El burro del campesino
No podría asegurar con certeza si se trataba de un burro, un perro, o, quién sabe si un caballo. Tampoco recuerdo dónde leí la historia que me dispongo a narrarles ni siquiera cuándo, o quién me la contó. El caso es que un campesino pobre –como todos los campesinos– tenía un burro (dejémoslo ahí), muy viejo y medio ciego y, a pesar de que el achacoso jumento no cumplía con las funciones propias de su condición, el campesino no se deshacía de él: en parte por compasión, en parte porque no disponía del suficiente dinero para cambiarlo por otro más joven.
Un día, el desdichado animal, a causa de su corta vista, cayó en un hoyo del que sus escasas fuerzas no le permitían salir, ni siquiera con la desesperada ayuda de su dueño, que, ante lo inútil de sus esfuerzos y con los ojos anegados en llanto, se armó de pala y azadón para dar sepultura a su fiel compañero.
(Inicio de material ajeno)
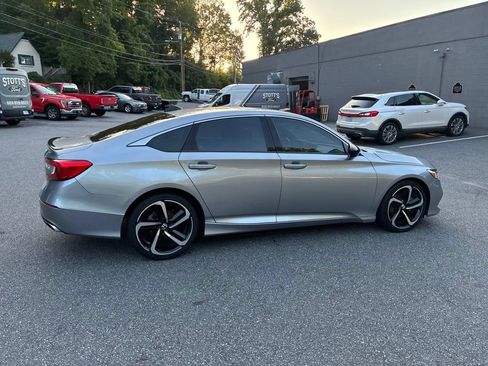 Used 2021 Honda Accord Sport image 18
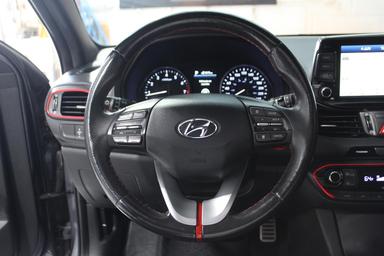 Hyundai Elantra Gt 2018 - Thumbnail 16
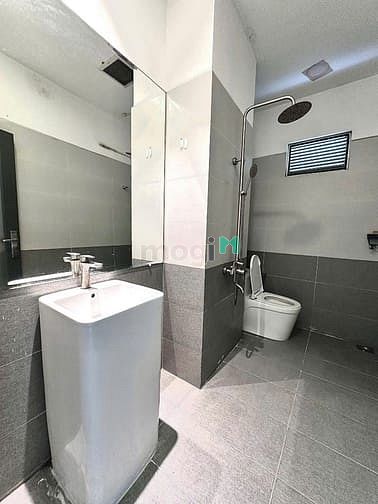 Hình ảnh Căn Hộ Studio - Full Nội Thất - Ban Công Mới Xây Ngay Cộng Hòa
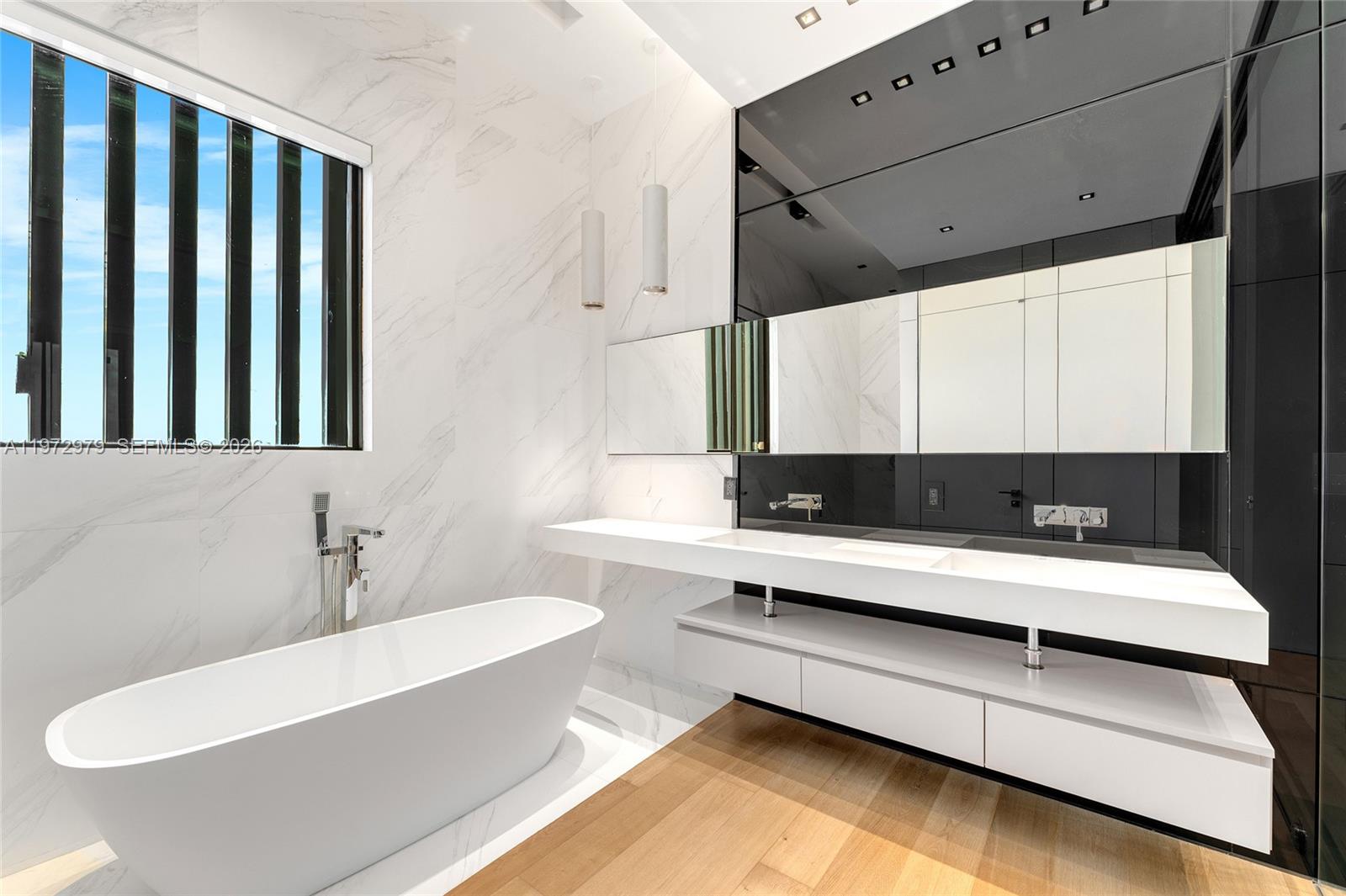 BAY CREST SEC 3 - Residential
Algo debió despertarse en el instinto del animal al sentir cómo la tierra se acumulaba en su lomo y, comenzó a estremecerse, haciendo que ésta resbalara hasta sus patas, que comenzó a mover, utilizando sus cascos para aplastarla a medida que caía. El hoyo se fue llenando hasta alcanzar, casi, el nivel de la superficie, con lo que el burro salió de lo que había pretendido ser su tumba.
El hoyo en el que nos ha sumido esta despiadada crisis, en la que muchas familias se encuentran sin un jornal que las sostenga ni un techo que las cobije, me trae a la memoria este cuento que, Dios sabrá quién inventó. Nuestra sociedad se nos cae de vieja y nuestros gobernantes se empecinan en remendarla utilizando los caducos métodos de siempre: inyectando dinero a quienes ya lo tenían, mimando a los principales culpables de la angustiosa situación en la que estamos inmersos. El dinero que en principio fue a parar a los bancos, no ha tenido la menor repercusión en el funcionamiento de nuestra economía. Las grandes compañías del sector del automóvil, andan con las fauces abiertas a ver qué se puede pescar en este río revuelto, en tanto que pequeños empresarios, trabajadores autónomos o asalariados –que producimos más del 80% de la riqueza de nuestro país– nos debatimos en una desesperada lucha por salir del hoyo, pataleando y tratando de sacudirnos la tierra, en forma de impuestos abusivos e inapelables que nuestro gigantesco aparato burocrático nos echa encima, o sea: justo como el burro del campesino.